男人插兜站着,没说话。
“她好像被讹上了?”
秦一汶:“迟哥,我们要不要去帮帮?”
“跟我有什么关系?”迟霁转身淡道。
江雨濛白皙脸颊跑的透红,她绕小路过来的,如果没算错回家的时间,迟霁应该还在上面。
迟霁上学旷课,放学晚归不见人,继续按照这样的进度,两人根本不可能产生任何交集。
哪怕有,偶尔几天一次的见面,也太少,远远不够,人不会对不常见的人有印象,何况她在对方看来是陌生人。
绕圈跑来不顺路的这边,江雨濛是在赌。
赌能够碰到那人。
前面是死胡同,江雨濛没再往前。
“跑啊,再跑啊,妈的追死老子了。
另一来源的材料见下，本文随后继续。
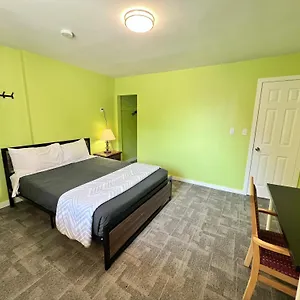 https://bonanza-motel.niagara-fallshotels.com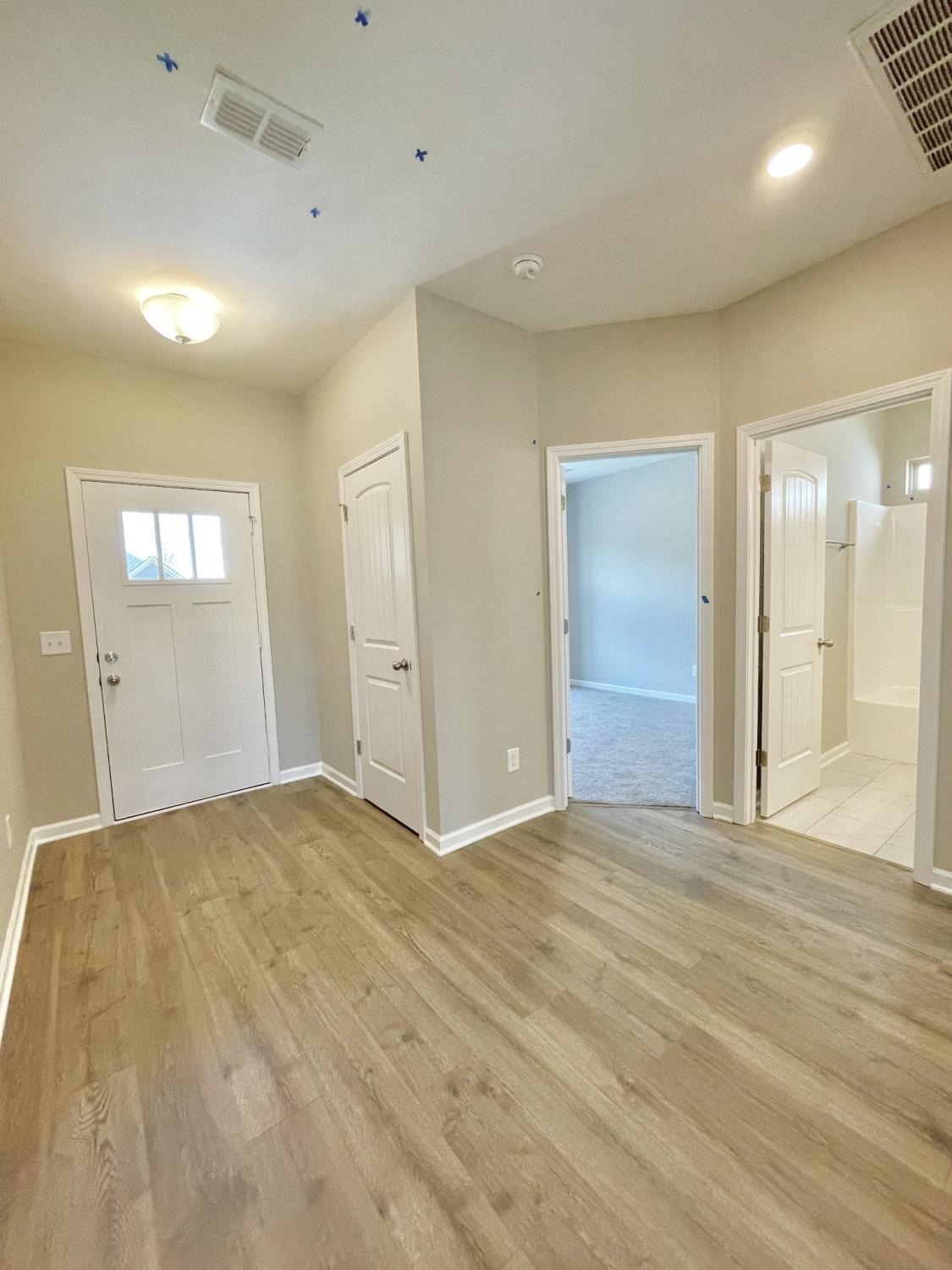 198 Brandon Woods Drive Lot 125 TN 37174 For Sale - 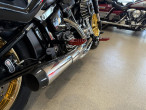 2022 Harley-Davidson FLSB Sport Glide 2022 Harley-Davidson FLSB Sport Glide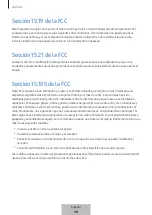 Preview for 42 page of Samsung SmartThings Hub User Manual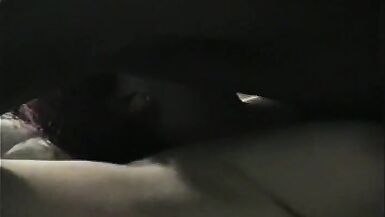 Brutal Gangbang in Motel - 5 image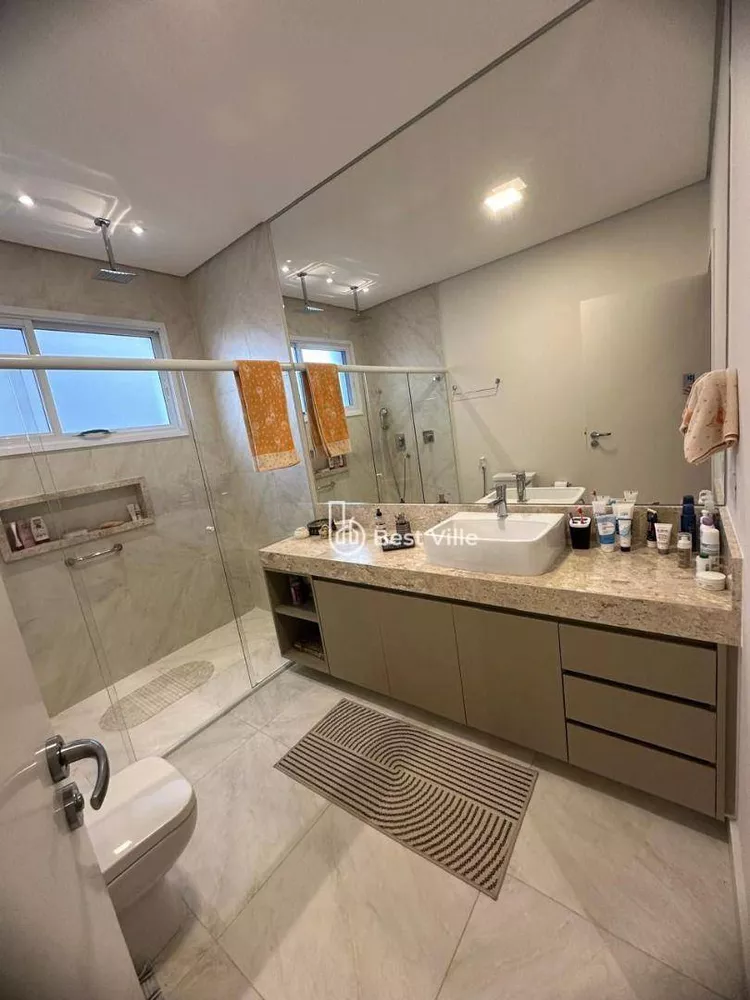 Casa de Condomínio, 3 quartos - Foto 48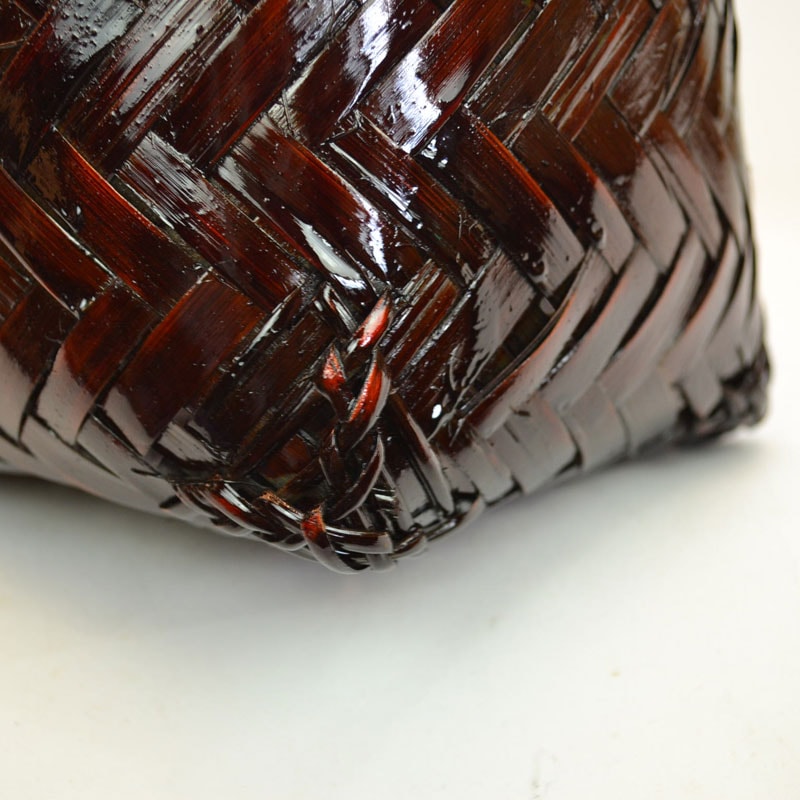 ���� �Ծ줫�� ���Ʒ�S �������֥饦�� �ݤ����Хå� �Ծ�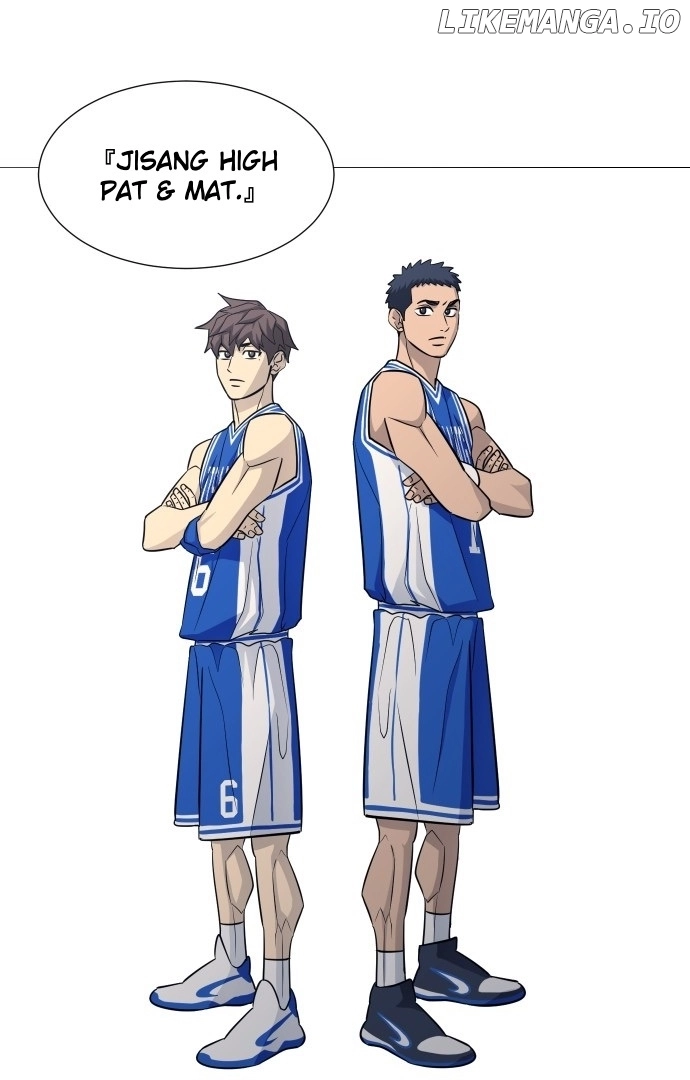 Read Garbage Time Manga Online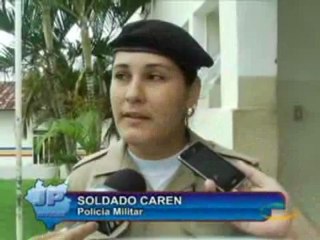 JP Notícias do dia 28-11-2012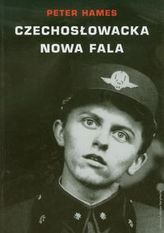 Czechosłowacka Nowa Fala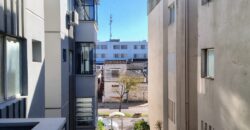 APARTAMENTO AO LADO DA URCAMP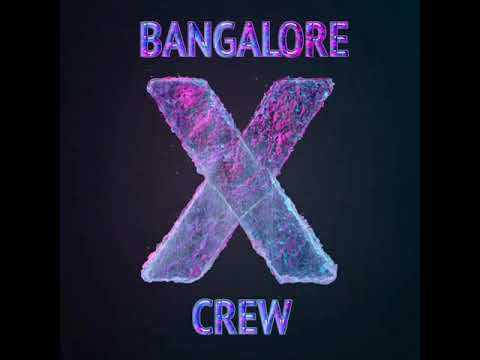 Crew x official intro|| vishwas raj || jai Shekhar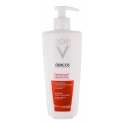 Vichy Dercos Energizing Shampoo 400ml Vichy Dercos Energizing Shampoo 400ml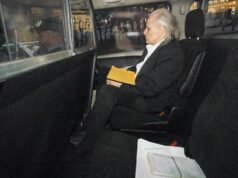 Epstein-fájlok: Ezek a kanadaiak, amelyeket a legutóbbi dokumentumkiadás említ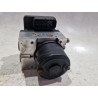 Recambio de nucleo abs para hyundai tucson (jm)(2004) 2.0 referencia OEM IAM 5WY7407B  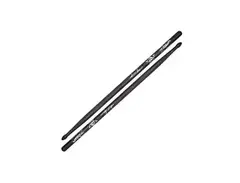 Zildjian ZASASP Artist Series Aaron Spears Signature Drum Sticks main image
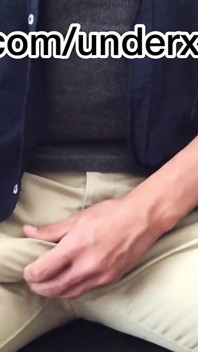 Let Me Cum Please - Cum Control Edging Challenge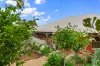 36 Paxton Terrace, Burra, SA 5417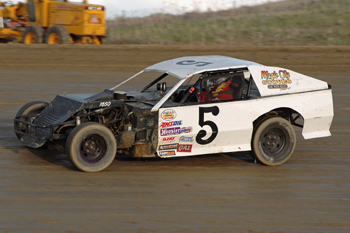 2010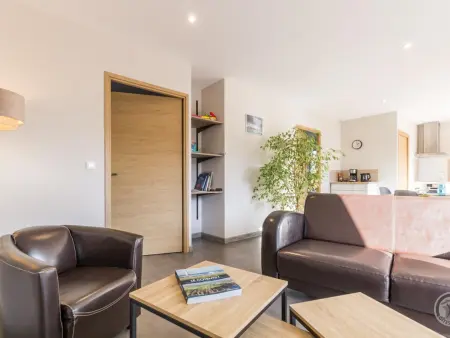 Maison plain-pied avec jardin clos à Barneville-Carteret - Photo 8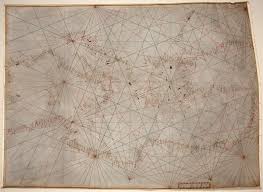 Portolan Chart Wikipedia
”其中一个打手在她身后道。
“包里有什么?拿出来!”
黄毛男走近,握着把刀:“看在你这么耍我们的份上,废你一根手指不过分吧!”
“上!!”
两人冲过来,江雨濛下意识抬手,拿书包挡在脸前,另一只手在衣袖里暗自握住剪刀。
一墙之隔的商街人潮如流,很少有人能注意到这里。
男生越走越近,手将将要触碰到她时,一只劲瘦的手握上他的肩头,用力向后一拧。
“啊啊啊!”男生立即发出一声惨痛的惊叫。
“操你妈的!谁?!!”
迟霁身形高大,一脚踩在那人身上,垂眸淡淡俯视下去,“看来上次的教训还不够是么?”
男生见到来人,脸色立即变了变:“够够够,迟哥我就是赚点零花钱才想干这个,保证再也不敢了。”
“滚。”
“欸是是是,我这就滚,迟哥您大人有大量。”男生捂住肚子,踉踉跄跄匆忙跑了。
巷子恢复安静。
江雨濛收回视线,坐在地上,抬手攥住他的衣角,力道很轻,眼睛一瞬不眨看着迟霁。
“哥,谢谢你,不然我都不知道怎么办才好。”
迟霁抽出她攥住的衣角,没斜睨一眼,声音懒漫:“想多了,单纯看那废物不顺眼。“
”至于你,自找活该。”
男人声线冷淡,插兜抬脚离开。
秦一汶这个时候才姗姗来迟。
他刹住脚,看了看地上的江雨濛,又转头看迟霁远去的背影,突然有些摸不着头脑。
迟霁刚刚明明是不打算下来的,什么时候改的主意?
第二天一大早,杨舒寂一见到江雨濛,就火速冲上前,拉着她东看西看。
“江江,你昨天没事吧?有没有受伤?都怪我不好,而且我当时一定脑子被驴踹了,居然让你一个人去危险的一方……”
江雨濛听她絮絮叨叨,微笑摇头。
“呼,没事就好。”杨舒寂心有余悸:“看来我得练个拳击啥的,下次再遇到直接啪啪啪打倒对方。”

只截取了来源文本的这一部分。